I've always kind of liked Eric Wedge, but I'm starting to waver. With yet another one run loss Sunday, the Indians are on a pace to go 69-93 -- the exact opposite of last year's 93-69 mark. Injuries and crappy pitching are to a large extent beyond a manager's control. Fundamentals and defense are in part a function of effort, and that's something over which a manager can exert some influence.

It's unfair to tag Eric Wedge for everything that's gone wrong with the Indians this year, but it's fair to point out that the areas most under a manager's control are also some of the areas where the Indians' performance has been most disappointing. I think that's the point that Terry Pluto was getting at in his column on Friday, although he beat around the bush an awful lot.

To me, nothing makes that point quite like the Tribe's continuing problem in one run games. It isn't just a 2006 problem; the Indians won 93 games last year despite losing more one run games (36) than any AL team since 1968. But as of this year, they've played fewer one run games, but they've done even worse as a percentage, winning only 9 of 28 games they've played.

The Indians' record in one run games is the worst in Major League Baseball. Why am I bothering to single this out with all of the team's other woes? Well, because this was one of the club's major points of emphasis this Spring. Check this out:

Now the club must take the next step, simple as that sounds. And the Indians know that step really has to be made in nail-biter ballgames, where they were dismal last season.

It's about one-run games.

The Indians played a lot of them last season (58, to be exact), and they lost a lot of them, too (36, to be exact). The loss total was the most in the Majors and the most by an AL team since 1968.

To ensure such heartbreak is not endured in '06, the club has put extra emphasis on the game's fundamentals this spring. Bunting, situational hitting and controlling the running game have been as much a part of the players' spring routine as golfing, fishing, and baking in the Florida sun.

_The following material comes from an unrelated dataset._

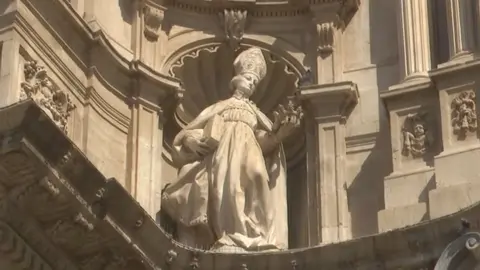 Imagen de San Patricio en la fallada de la Catedral de Murcia (foto: La 7)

That's from a story that appeared on the Indians' own website last March. (Read the whole thing here). Just to bring you up to date, so far in 2006 the Tribe has made 80 errors, second most in the AL, and also ranks next to last in the AL in fielding percentage. As for the supposed emphasis on "bunting, situational hitting and controlling the running game," they were joking, right? Let's see, they also rank second to last in the AL in throwing out baserunners attempting to steal, and recently ended an impressive 0-19 streak with runners in scoring position (but still managed to strand five runners the night they did it).

This club has failed miserably-- and in just about every way imaginable -- at what supposedly was a top priority going into the season. Eric Wedge watched all this unfold, and while he never dodged a question about it or tried to shirk responsibility for it, he also doesn't seem to have done much to try to stop it.

Shapiro appears to want to fall on his sword for everybody this season, but I think Wedge bears a big share of the responsibility for the team's failures on this front. Should they fire him? Not this year, but I'd give him a very short leash next season if all he does when Jhonny Peralta boots a ground ball is blink out an SOS signal.